▸ Material provided

::::

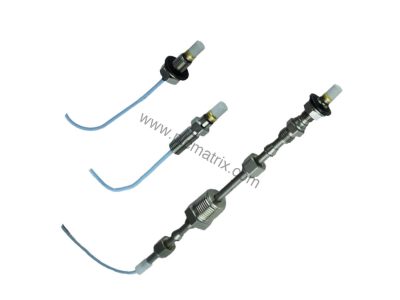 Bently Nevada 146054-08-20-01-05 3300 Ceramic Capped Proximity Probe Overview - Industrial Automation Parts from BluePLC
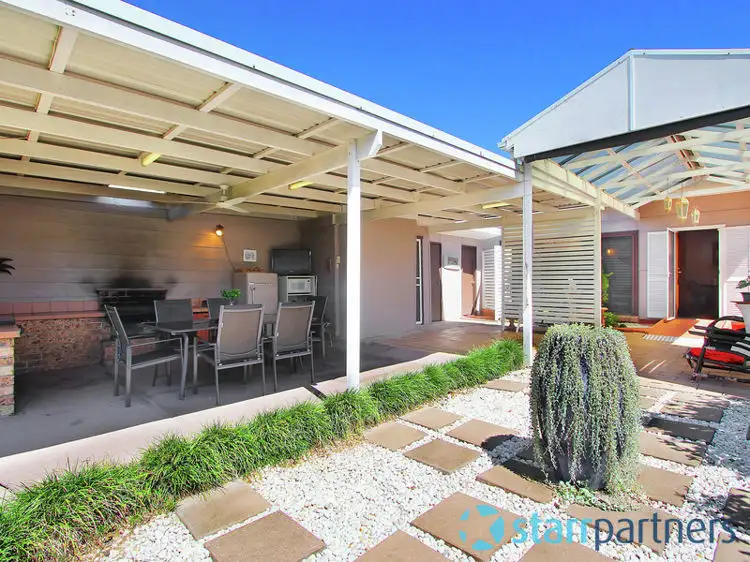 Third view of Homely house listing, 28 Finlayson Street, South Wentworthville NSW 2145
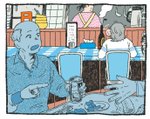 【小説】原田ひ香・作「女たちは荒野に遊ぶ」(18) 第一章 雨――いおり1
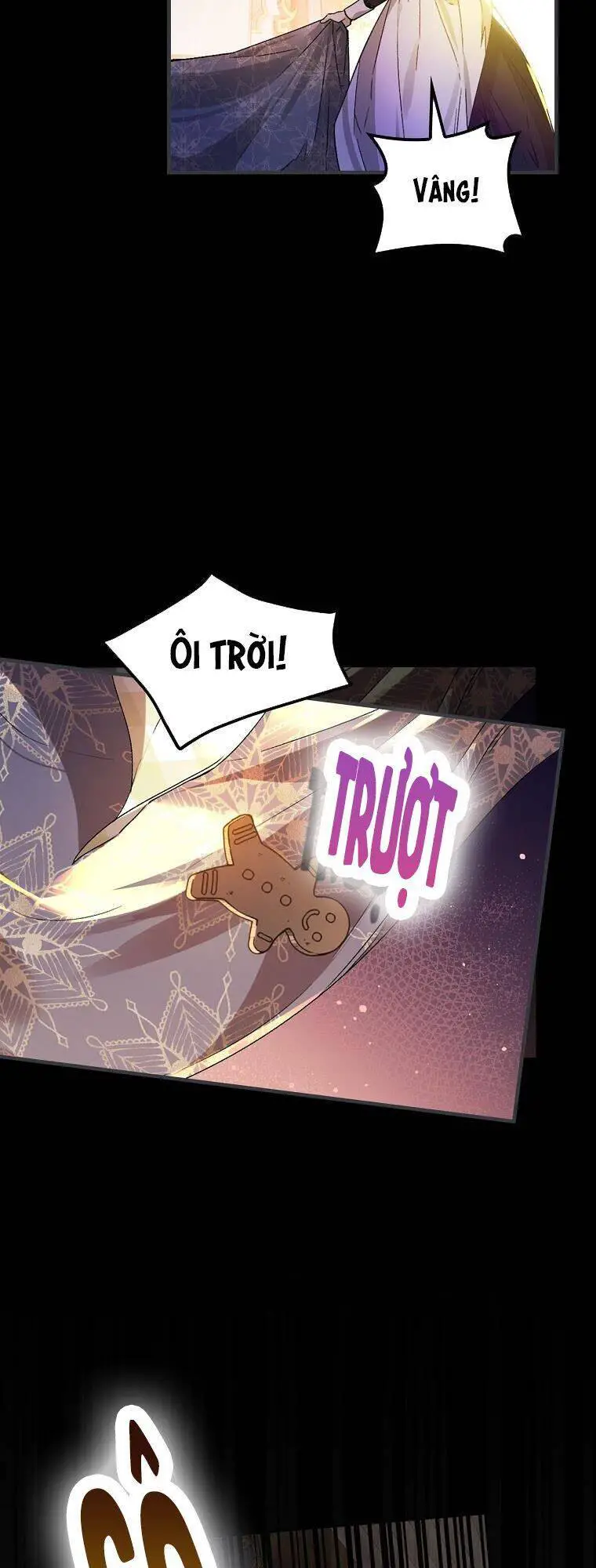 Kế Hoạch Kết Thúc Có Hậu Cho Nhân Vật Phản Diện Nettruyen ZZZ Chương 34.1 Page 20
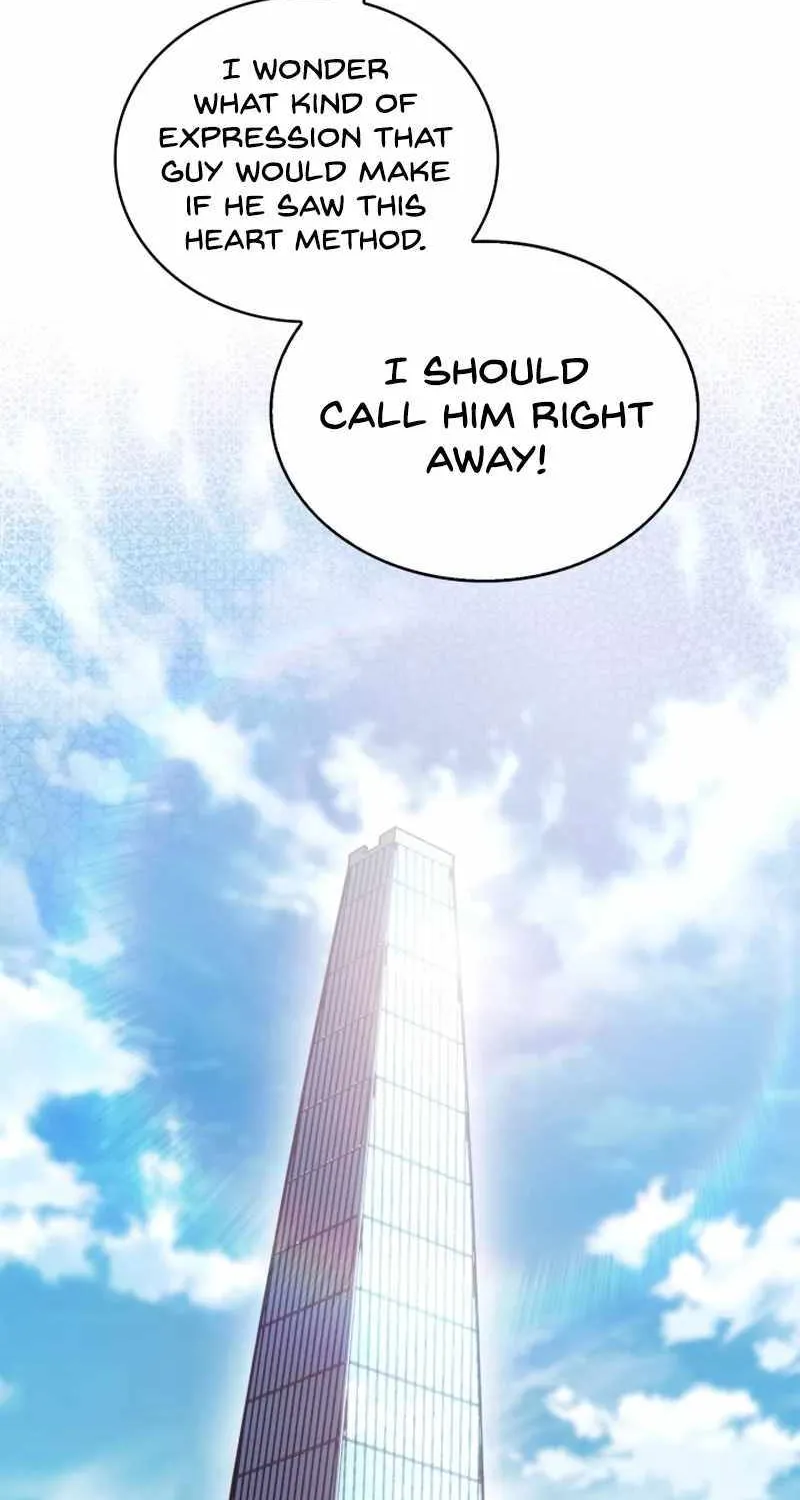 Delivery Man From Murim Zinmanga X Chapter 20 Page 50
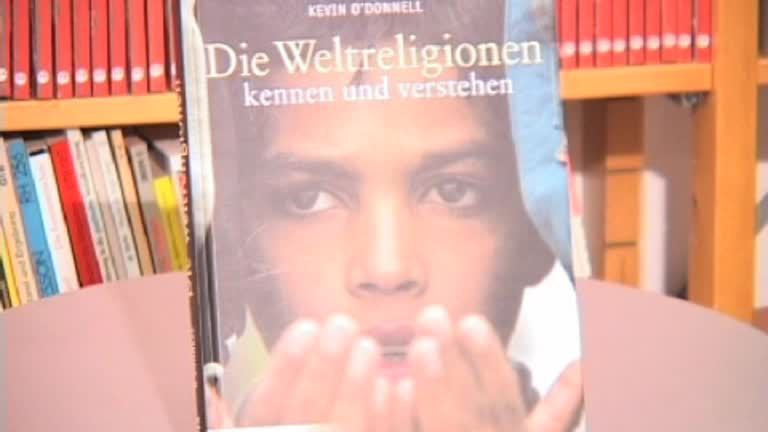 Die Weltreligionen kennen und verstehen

::::

▸ Work item
Skip the pictures, then write out every entry exactly.

▸ Task answer
 Bently Nevada 146054-08-20-01-05 3300 Ceramic Capped Proximity Probe Overview - Industrial Automation Parts from BluePLC
 Third view of Homely house listing, 28 Finlayson Street, South Wentworthville NSW 2145
 【小説】原田ひ香・作「女たちは荒野に遊ぶ」(18) 第一章 雨――いおり1
 Kế Hoạch Kết Thúc Có Hậu Cho Nhân Vật Phản Diện Nettruyen ZZZ Chương 34.1 Page 20
 Delivery Man From Murim Zinmanga X Chapter 20 Page 50
 Die Weltreligionen kennen und verstehen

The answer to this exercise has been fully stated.